Delivering an end-of-year speech to the Zimbabwean Parliament on Thursday, Prime Minister Morgan Tsvangirai said the inclusive government remains dysfunctional and that many reforms must be implemented before new elections can be considered.
The prime minister complained that critical electoral, political and media reforms which would ensure any new elections would be free and fair - unlike the disastrous 2008 ballot - have not been implemented by the government in which his Movement for Democratic Change shares power with President Robert Mugabe's ZANU-PF.
Tsvangirai said that although the Cabinet had adopted an implementation matrix with time limits, lawmakers are well behind schedule on their legislative reform agenda, with only seven of 24 key bills that were expected to be passed this year brought to the floor.

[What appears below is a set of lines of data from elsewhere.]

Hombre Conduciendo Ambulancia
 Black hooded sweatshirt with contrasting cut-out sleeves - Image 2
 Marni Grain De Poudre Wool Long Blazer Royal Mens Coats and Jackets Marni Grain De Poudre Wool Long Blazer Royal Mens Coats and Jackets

Mr. Tsvangirai said 2012 should not be characterized by rhetoric about early elections before essential reforms are in place, alluding to the call by President Mugabe at the recent ZANU-PF annual conference for elections to be held without fail next year.
Mr. Tsvangirai said there simply has not been enough progress on reforms mandated by the 2008 Global Political Agreement for power sharing to call a vote.
Political analyst Nkululeko Sibanda, a lecturer in Global and African Politics at the University of Huddersfield in Great Britain, told VOA reporter Ntungamili Nkomo that he sees more trouble in the unity government next year.
The prime minister's speech was a familiar litany of complaints about the dysfunctionality of the unity government and the intransigence of governing partners - Mr. Tsvangirai did not mention Mr. Mugabe or ZANU-PF by name, though he singled out Information Minister Webster Shamu of ZANU-PF as a foot-dragger on media reform.
For perspective on the speech, VOA reporter Tatenda Gumbo spoke with members of Parliament Kudakwashe Bhasikiti, representing Mwenzi East, and Deputy Justice and Legal Affairs Minister Senator Obert Gutu of Mr. Tsvangirai’s MDC formation.
Gutu said he agrees the unity government is dysfunctional, opining that the lion’s share of the blame must fall to Mr. Mugabe’s ZANU-PF.
He echoed the sentiments of Mr. Tsvangirai calling for GPA reforms that would ensure all parties a level playing field and help the country hold free and fair elections.
Bhasikiti agreed the government is dysfunctional but urged Mr. Tsvangirai to heed the president's call for elections in 2012, saying that if Mr. Tsvangirai considers the unity government to be unworkable the only solution is to replace it through elections.